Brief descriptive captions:
- - -
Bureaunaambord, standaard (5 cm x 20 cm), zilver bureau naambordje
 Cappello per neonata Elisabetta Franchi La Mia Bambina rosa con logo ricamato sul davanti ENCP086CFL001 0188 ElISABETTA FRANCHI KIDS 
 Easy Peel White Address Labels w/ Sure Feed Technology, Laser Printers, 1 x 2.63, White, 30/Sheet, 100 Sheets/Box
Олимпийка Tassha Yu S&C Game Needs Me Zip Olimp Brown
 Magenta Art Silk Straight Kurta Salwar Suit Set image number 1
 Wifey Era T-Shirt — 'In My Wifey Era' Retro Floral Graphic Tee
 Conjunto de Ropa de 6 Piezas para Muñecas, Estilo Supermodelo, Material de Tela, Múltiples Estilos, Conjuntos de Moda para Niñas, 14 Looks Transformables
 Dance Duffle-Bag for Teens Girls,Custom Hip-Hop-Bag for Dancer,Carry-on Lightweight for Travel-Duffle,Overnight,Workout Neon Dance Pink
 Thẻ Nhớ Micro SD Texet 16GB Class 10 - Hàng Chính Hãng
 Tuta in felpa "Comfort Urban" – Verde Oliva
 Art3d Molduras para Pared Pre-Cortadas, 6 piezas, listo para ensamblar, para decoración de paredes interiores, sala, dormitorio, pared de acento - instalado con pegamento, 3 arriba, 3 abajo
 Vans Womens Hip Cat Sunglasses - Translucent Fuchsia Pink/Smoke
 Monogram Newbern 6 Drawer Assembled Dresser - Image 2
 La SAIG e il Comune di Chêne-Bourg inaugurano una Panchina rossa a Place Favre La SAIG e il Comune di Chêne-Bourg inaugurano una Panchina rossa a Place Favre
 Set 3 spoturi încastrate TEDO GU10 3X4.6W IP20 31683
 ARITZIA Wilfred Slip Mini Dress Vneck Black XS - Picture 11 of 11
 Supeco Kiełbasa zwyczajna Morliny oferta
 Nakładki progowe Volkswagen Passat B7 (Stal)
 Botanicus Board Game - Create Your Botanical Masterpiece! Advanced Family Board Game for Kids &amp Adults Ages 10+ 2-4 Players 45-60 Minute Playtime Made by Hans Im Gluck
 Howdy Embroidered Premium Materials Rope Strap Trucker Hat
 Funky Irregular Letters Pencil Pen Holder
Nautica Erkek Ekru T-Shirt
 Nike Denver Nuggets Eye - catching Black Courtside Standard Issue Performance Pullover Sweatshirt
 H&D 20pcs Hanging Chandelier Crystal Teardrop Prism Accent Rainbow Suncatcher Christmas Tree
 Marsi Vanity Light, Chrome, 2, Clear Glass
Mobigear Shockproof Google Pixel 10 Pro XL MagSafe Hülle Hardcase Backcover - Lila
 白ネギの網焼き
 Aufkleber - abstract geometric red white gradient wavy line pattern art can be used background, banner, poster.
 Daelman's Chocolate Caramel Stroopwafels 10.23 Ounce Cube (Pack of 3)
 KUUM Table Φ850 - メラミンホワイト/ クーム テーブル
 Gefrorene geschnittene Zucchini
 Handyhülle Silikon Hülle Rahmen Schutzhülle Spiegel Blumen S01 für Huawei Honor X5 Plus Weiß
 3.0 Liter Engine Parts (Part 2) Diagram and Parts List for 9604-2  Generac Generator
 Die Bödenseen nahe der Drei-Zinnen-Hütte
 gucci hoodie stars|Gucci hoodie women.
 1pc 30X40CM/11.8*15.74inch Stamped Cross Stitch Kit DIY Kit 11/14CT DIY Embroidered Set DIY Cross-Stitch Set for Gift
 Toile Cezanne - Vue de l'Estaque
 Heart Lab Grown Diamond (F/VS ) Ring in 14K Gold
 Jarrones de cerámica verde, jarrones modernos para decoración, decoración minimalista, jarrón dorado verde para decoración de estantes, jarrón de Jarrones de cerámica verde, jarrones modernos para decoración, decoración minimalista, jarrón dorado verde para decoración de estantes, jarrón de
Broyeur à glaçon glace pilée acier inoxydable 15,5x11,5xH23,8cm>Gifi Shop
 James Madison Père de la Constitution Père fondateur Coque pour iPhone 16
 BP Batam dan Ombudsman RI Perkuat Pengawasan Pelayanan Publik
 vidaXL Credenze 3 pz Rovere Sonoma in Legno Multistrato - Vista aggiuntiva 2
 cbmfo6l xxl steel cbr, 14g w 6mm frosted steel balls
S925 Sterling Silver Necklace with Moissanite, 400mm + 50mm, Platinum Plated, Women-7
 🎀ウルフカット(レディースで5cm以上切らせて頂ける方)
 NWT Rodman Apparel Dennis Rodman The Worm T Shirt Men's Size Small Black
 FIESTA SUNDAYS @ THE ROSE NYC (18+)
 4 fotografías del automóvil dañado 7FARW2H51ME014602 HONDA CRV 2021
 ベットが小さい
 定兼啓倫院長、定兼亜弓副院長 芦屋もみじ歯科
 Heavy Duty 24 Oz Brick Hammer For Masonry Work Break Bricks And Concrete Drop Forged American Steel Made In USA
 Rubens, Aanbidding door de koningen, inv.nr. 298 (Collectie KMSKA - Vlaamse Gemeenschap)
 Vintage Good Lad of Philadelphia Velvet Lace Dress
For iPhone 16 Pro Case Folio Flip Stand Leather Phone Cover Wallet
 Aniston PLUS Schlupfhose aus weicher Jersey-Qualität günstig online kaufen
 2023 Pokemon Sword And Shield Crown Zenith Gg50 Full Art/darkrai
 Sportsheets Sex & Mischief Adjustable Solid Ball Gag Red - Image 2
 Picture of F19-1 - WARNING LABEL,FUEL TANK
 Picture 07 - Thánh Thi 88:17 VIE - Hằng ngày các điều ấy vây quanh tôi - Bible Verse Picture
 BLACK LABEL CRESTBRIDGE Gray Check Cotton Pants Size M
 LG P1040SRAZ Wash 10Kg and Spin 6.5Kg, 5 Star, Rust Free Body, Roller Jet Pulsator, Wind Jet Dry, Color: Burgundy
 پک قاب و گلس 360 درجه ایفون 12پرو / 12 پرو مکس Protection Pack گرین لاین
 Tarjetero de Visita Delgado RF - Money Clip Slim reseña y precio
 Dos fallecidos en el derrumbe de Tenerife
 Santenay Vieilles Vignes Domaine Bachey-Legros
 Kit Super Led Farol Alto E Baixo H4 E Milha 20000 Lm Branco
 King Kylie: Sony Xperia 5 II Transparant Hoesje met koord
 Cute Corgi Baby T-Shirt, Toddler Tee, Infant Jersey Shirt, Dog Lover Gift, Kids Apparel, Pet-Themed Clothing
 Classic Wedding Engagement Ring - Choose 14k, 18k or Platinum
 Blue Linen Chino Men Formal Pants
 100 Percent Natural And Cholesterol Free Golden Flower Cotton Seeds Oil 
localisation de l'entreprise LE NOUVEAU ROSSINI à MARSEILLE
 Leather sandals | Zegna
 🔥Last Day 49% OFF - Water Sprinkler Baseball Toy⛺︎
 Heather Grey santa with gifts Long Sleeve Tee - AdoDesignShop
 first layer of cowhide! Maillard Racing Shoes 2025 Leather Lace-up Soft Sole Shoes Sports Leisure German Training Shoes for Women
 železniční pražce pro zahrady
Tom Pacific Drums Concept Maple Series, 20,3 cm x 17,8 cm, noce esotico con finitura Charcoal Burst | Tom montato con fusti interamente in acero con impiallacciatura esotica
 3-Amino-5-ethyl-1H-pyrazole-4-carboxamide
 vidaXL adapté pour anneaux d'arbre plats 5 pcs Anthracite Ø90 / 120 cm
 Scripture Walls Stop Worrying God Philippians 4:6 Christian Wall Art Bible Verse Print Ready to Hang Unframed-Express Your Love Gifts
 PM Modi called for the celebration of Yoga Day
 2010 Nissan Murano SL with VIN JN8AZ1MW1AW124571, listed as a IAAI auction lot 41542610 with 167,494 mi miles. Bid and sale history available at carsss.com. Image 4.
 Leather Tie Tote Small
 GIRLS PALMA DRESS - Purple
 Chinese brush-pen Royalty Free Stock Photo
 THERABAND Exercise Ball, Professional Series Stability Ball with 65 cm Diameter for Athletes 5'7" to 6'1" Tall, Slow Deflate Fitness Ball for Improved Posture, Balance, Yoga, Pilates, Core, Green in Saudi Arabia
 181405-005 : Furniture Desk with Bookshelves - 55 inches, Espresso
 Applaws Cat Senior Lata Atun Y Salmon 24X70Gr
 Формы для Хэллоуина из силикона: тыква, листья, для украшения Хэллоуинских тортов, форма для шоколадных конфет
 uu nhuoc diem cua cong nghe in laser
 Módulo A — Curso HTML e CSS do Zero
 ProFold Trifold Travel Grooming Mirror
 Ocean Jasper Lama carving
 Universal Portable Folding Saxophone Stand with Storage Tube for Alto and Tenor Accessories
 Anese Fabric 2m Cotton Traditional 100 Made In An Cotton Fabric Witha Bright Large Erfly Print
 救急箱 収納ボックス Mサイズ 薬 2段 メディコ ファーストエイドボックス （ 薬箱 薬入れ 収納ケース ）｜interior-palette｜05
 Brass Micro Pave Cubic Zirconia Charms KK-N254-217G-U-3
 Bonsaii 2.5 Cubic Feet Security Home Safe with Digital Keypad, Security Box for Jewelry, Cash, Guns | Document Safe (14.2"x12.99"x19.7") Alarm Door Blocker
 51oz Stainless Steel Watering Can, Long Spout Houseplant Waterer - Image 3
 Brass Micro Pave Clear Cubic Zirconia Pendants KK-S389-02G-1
- - -
What are the lines, exactly as written above, from the line with "first layer of" to the line with "železniční pražce pro zahrady", both included? Output only those.

§ **Your solution**
 first layer of cowhide! Maillard Racing Shoes 2025 Leather Lace-up Soft Sole Shoes Sports Leisure German Training Shoes for Women
 železniční pražce pro zahrady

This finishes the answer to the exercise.